Interesting--thanks for the link.

This is a fairly partisan attempt to spin Peirce into a theist, though, and not really consistent with what one finds in his writings (though his ideas change all the time).

He writes a bit (though not a lot) about God, and some even about Jesus, but it's fairly clear that it's a "god of the philosophers" that he's got in mind...and there's little chance that he thought the Jesus story to be literally true.

At those points when he discusses such things he writes largely metaphorically, admittedly grasping at vague ideas, and clearly thinking that theology is doing the same.

The laws of the universe, he says, can be thought of as the thoughts of God. Not thoughts like you and I have thoughts, but lying on a continuum with them. They are thoughts in the sense that they are like habits, general rules governing particular events (or actions in our case).

The reasons for thinking this are complicated (and often baffling), but end up being interesting enough to prevent me from chucking them right away and moving on.

So, anyway, any Christian happy with this kind of naturalistic quasi-pantheism might very well find a friend in Peirce. He seems to have found a position guaranteed to both intrigue and piss off both orthodox theists and orthodox physicalists.

8:42 AM  
Blogger Tom Van Dyke said...

Well, the Jesuits seem to be able to handle him, without any piss. It's not all as rigid as you seem to believe: Aquinas and Duns Scotus live under the same roof, although they are often opposed.

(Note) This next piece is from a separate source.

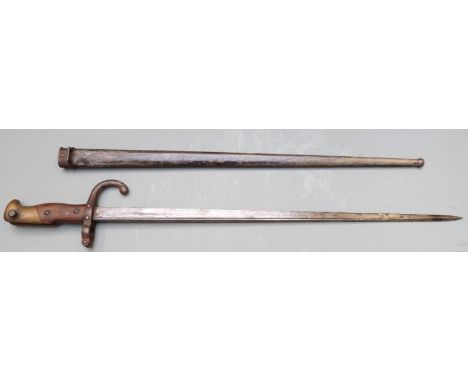 French 1874 pattern Gras bayonet with downswept quillon, manufacturer's name and 1878 to T backed 52cm blade, with scabbard&n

Theology is not philosophy, or metaphysics. For one thing, the former works on the completion backwards principle and is an art as much as a science.

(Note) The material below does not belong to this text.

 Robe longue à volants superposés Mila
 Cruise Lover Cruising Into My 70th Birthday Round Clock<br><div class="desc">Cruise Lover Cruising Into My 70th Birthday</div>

"...showing that the humble argument is the natural fruit of free meditation since every heart will be ravished by the beauty and adorability of the Idea [of God], when it is so pursued. Were the theologians able to perceive the force of this argument, they would make it such a presentation of universal human nature as to show that a latent tendency toward belief in God is a fundamental ingredient of the soul, and that, far from being a vicious or superstitious ingredient, it is simply the natural precipitate of meditation upon the origin of the Three Universes." CP 6.487, 1910).


This is not a product of his metaphysics, it's theology. From what I gather, Peirce made (and kept) the distinction.

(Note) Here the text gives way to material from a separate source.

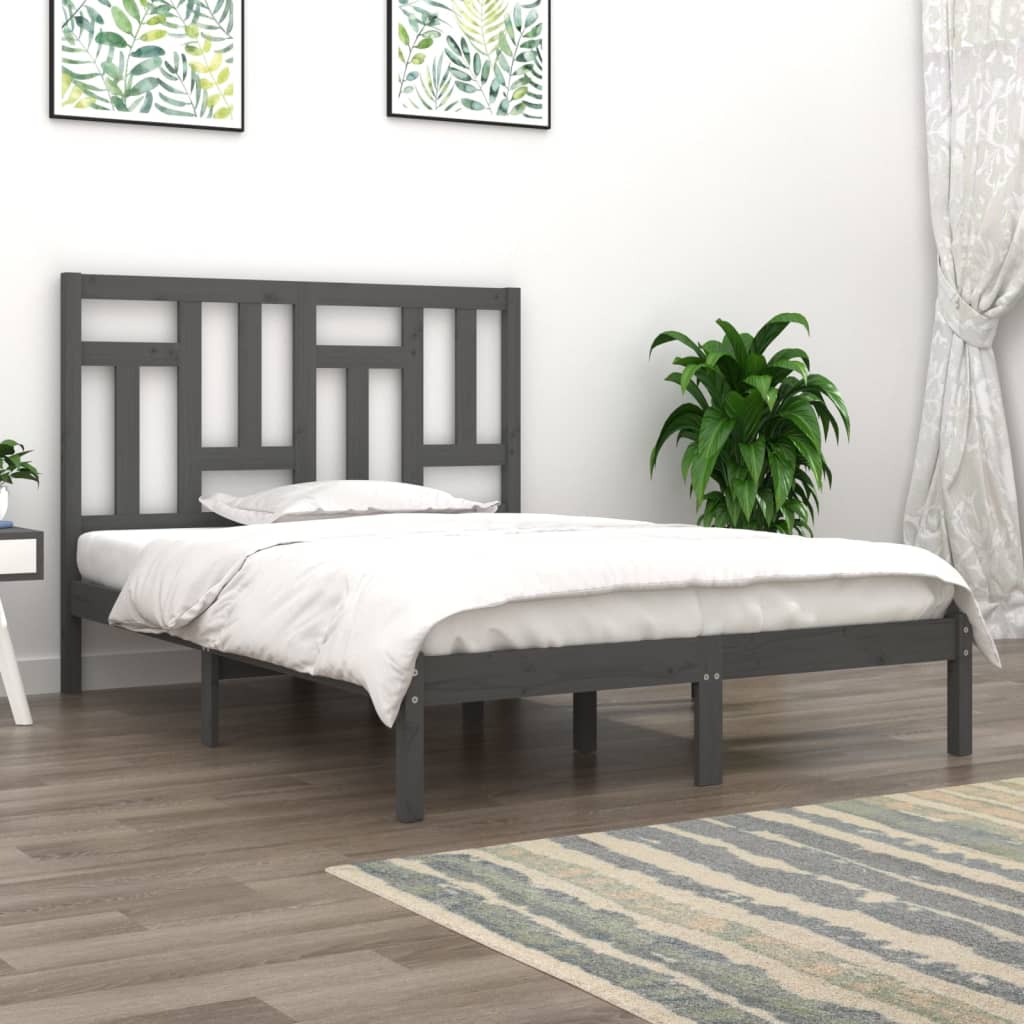 vidaXL Posteľný rám sivý borovicový masív 200x200 cm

Of course he cannot be fashioned into an orthodox Christian, and the Jesuit Oakes in the link makes no attempt to do so.

"I would with all my heart join the ancient church of Rome if I could..."
C. S. Peirce, Letter to George Searle, August 9, 1895 (L 397)


We can guess why, somewhere in between the absence of faith and the maltreatment of Galileo, or perhaps you have access to the entire letter and it's clearer there. But he appears to have liked the way the Romish go about things, and avoided the blanket hostility and close-mindedness of the modern academy.

As for Peirce's metaphysics, which were purely scientific and theoretical in method, his conclusions must be viewed as provisional, per his philosophy of science. To take them as dogma misses the point.

(Please read all the above declarative sentences as questions, WS, as I'm surely no expert on Peirce. But the theists who study him complain that much of Peirce's work pertaining to religion [and it represents a significant chunk of his canon]is purposely ignored by the children of the Enlightenment. In fact, Peirce complained himself:

"I cannot protest against any condemnation that may be visited upon me. . . . I am accustomed to hear and read upon countenances that when I speak of religion, people say I am a sham."